_DATA BELOW:_
BEGIN
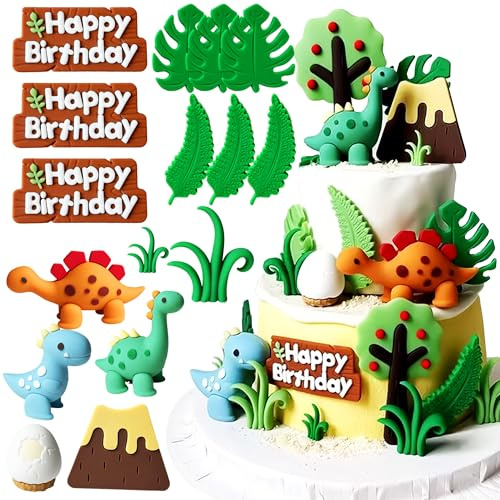JeVenis Luxury Dinosaurier Kuchendekoration Dino Tortendeko Cake Toppers | Luxury Dinosaurier Kuchendekoration Dino Tortendeko Cake Toppers Dinosaurier Themen Kuchen Dekoration Kinder Babyparty Dino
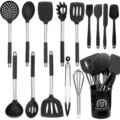15-teiliges schwarzes Silikon Küchenutensilien Set mit Edelstahlgriffen und Behälter. - Schwarzes Set mit Griffen 15-teilig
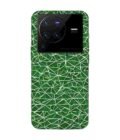 Printed Back Cover for Vivo X80 Pro Close Up Green White Geometric Pattern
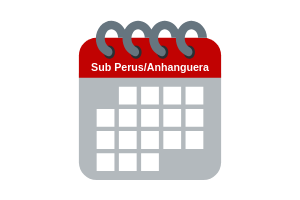 Imagem de um calendário cinza e vermelho escrito Sub Peru/Anhanguera.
END
_AIM OF THE TASK:_ The material must be returned exactly, with its pictures omitted.

_ANSWER AREA:_
JeVenis Luxury Dinosaurier Kuchendekoration Dino Tortendeko Cake Toppers | Luxury Dinosaurier Kuchendekoration Dino Tortendeko Cake Toppers Dinosaurier Themen Kuchen Dekoration Kinder Babyparty Dino
15-teiliges schwarzes Silikon Küchenutensilien Set mit Edelstahlgriffen und Behälter. - Schwarzes Set mit Griffen 15-teilig
 Printed Back Cover for Vivo X80 Pro Close Up Green White Geometric Pattern
 Imagem de um calendário cinza e vermelho escrito Sub Peru/Anhanguera.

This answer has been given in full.